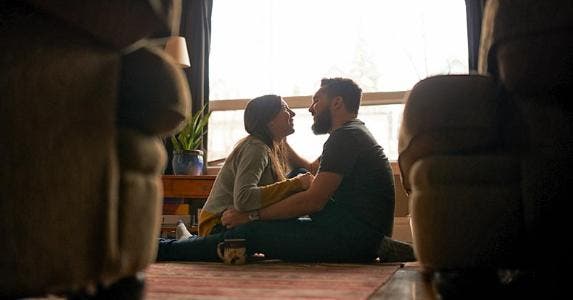 HomePath loan saves cash when buying foreclosure Couple in new home embracing in the living room | jeffbergen/Getty Images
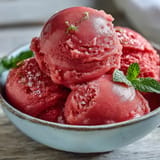 Deliciously simple Watermelon Sorbet (3 Ingredients) shown frozen and ready to scoop on a summer evening.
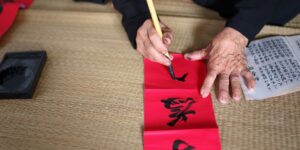 Close-up of elderly hands practicing traditional paper-folding on a wooden table.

——————

- Exercise description -
Exactly as written, please give again the lines from the beginning of the listing through the line containing "Deliciously simple Watermelon", inclusive, without any pictures.

- Expected answer -
 HomePath loan saves cash when buying foreclosure Couple in new home embracing in the living room | jeffbergen/Getty Images
 Deliciously simple Watermelon Sorbet (3 Ingredients) shown frozen and ready to scoop on a summer evening.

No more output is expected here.